Dwight Garner, in his review in The New York Times, described “Paying for It” as “not a feel-good comic book.”
“It’s sober and intense,” he wrote, “as if written by a lonely and homely Lou Reed and meant to be read aloud beneath a single light bulb hung from the ceiling. But it delivers a series of moral and cerebral and horndog thwacks. It will stick in your mind and perhaps in your craw. It’s a real if squeamish-making work of art.”
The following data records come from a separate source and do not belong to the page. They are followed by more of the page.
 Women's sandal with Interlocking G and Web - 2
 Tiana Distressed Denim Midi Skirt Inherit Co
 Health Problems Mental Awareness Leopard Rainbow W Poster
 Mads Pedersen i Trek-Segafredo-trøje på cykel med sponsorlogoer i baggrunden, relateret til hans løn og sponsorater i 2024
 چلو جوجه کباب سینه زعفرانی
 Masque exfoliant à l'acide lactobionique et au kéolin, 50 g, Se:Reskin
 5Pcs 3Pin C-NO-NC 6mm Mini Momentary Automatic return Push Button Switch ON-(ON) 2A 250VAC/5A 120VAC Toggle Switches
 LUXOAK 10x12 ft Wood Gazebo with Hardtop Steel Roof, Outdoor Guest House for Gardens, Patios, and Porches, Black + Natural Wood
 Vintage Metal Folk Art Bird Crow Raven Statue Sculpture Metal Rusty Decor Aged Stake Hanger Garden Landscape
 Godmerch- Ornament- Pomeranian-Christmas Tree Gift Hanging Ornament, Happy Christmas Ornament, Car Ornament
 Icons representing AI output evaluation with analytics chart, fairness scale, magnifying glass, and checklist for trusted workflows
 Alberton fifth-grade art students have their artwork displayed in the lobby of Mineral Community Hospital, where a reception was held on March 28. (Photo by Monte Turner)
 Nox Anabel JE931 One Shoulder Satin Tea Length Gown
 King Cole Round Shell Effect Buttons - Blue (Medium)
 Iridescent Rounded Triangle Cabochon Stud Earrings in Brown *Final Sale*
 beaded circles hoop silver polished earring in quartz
Another view: “Brown’s real concerns lie beyond mere observation. Throughout, he uses his own experiences to make the case for decriminalizing prostitution. In boldly direct style, his character expounds on his reading material, inquires after his friends’ stance on the morality of sex work, and, in one sequence, simply sits around in his underwear thinking,” reads the review at walrusmagazine.com. “It is a testament to Brown’s accomplishment as a cartoonist that such heady stuff remains compelling reading, each thought progressing mathematically to the next. And while he sets out logically to convince us of his argument, this isn’t exactly tract literature either: credit him with making room for doubt, too. A cast of quippy, incredulous confidants serve as stand-ins for readers unswayed by Brown’s line of reasoning, and debate with him in lengthy Socratic passages.”